There are several methods of calculating depreciation of fixed assets, but all of them can be reduced to one of two common methods, straight line and declining balance. No fixed asset lasts forever, and every one has what is referred to as a useful economic life. The IRS maintains guidelines indicating acceptable terms in years of the useful life of any fixed asset of a business. A computer may have a useful life of three years, but a building may have a useful life of 25 or 30 years. Depreciation is based on the assumption that all fixed assets decline in value over time. Though real property may increase in market value over time, facilities housing business activities suffer wear and occasionally need maintenance or restoration that can be quite costly. Depreciation of fixed assets provides a means of accounting for businesses’ consumption of those fixed assets over the course of their useful life.

In the straight line method, depreciation charge is calculated on the basis of equal amounts of value being depreciated each year of the fixed asset’s useful life. The straight line depreciation equation is:

D = (C- R)/ N

Where D = depreciation

C = original cost of the fixed asset

R = the fixed asset’s residual value

N = the number of years of the fixed asset’s useful economic life.

Thus a fixed asset that costs $17,000, has a useful economic life of five years and can be sold at the end of those five years for a residual value of $2,000 provides $3,000 in depreciation for each of the five years of its useful life. The equation reads ($17,000 – $2,000) / 5 years = $3,000 each year.
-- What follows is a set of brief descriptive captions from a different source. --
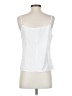 Unbranded White Sleeveless Top Size 2 - photo 2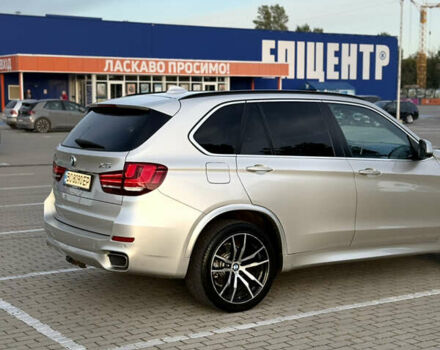 Бежевый БМВ Х5, объемом двигателя 2.99 л и пробегом 242 тыс. км за 29500 $, фото 2 на Automoto.ua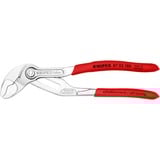 KNIPEX Pince Cobra pour tuyaux / pompe à eau, Clé à tuyau / Serre-tube Rouge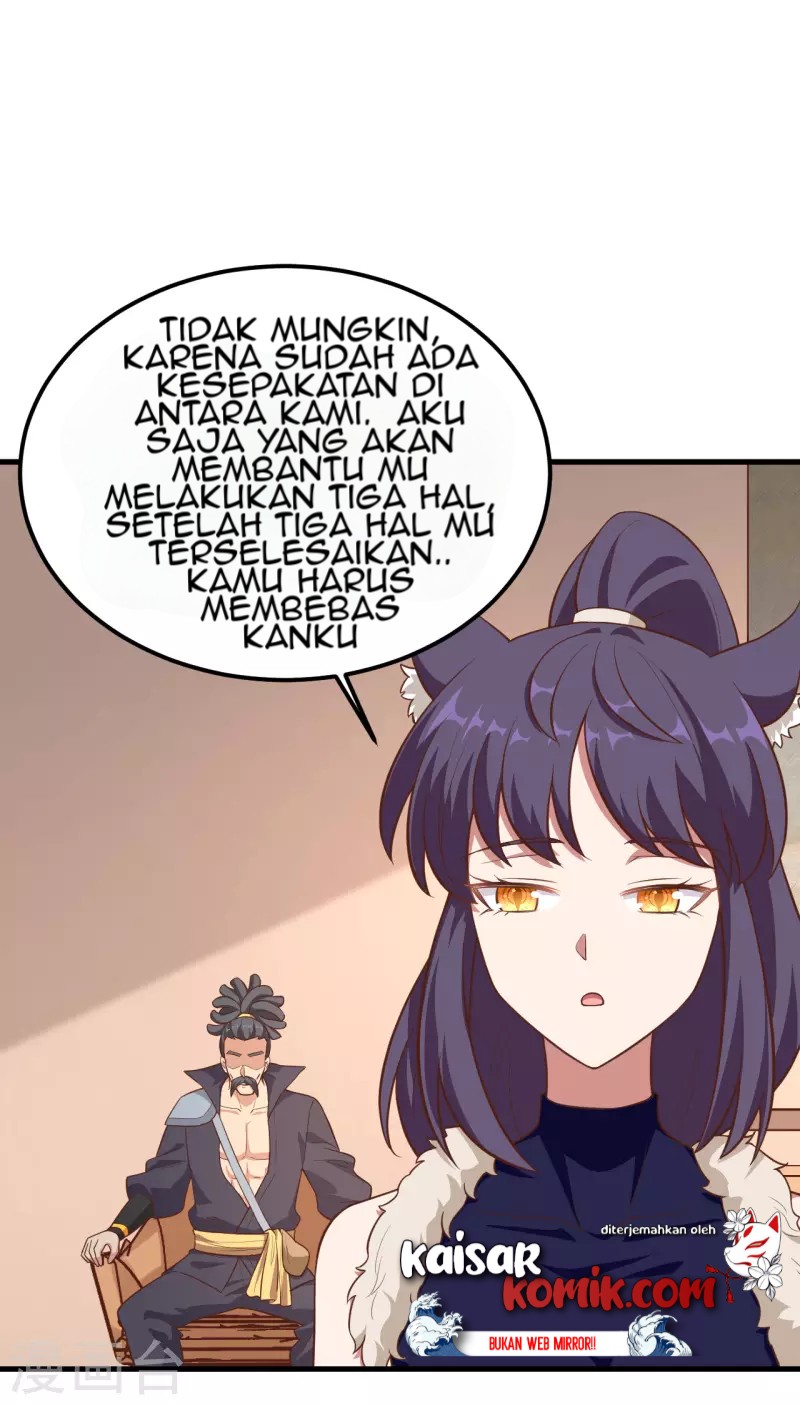 To Be The Castellan King Chapter 225 Gambar 32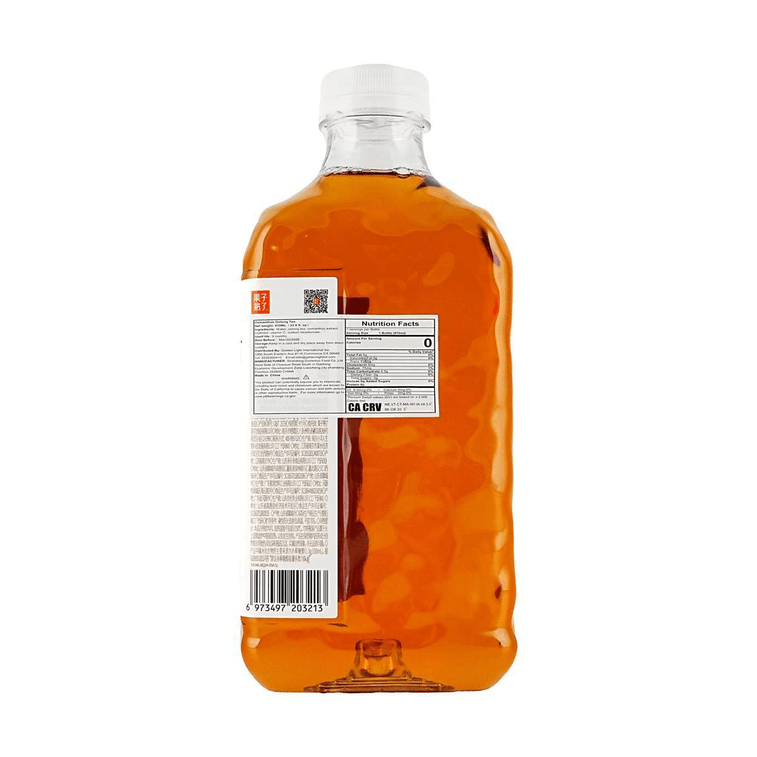 Thé Oolong Osmanthus 32.8 fl oz【0 Sucre 0 Graisse 0 Calories】 3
The declining balance method of depreciating fixed assets often is referred to as the double declining balance method. It allows the business to take a double depreciation charge in the first year. The book value of the asset then is reduced by the amount of the depreciation charge. That resulting book value is subject to the same double percentage the following year and each year of the fixed asset’s useful life.

The total amount allowed in depreciation is the same with both methods. The primary difference is that the declining balance method allows the business to take the greatest depreciation charge in the first year of the asset’s use. The straight line method is simpler, but may not always yield any first year advantages for the organization. Whichever method the organization chooses to use to depreciate fixed assets, that method should be used for the entire terms of the fixed asset’s useful life.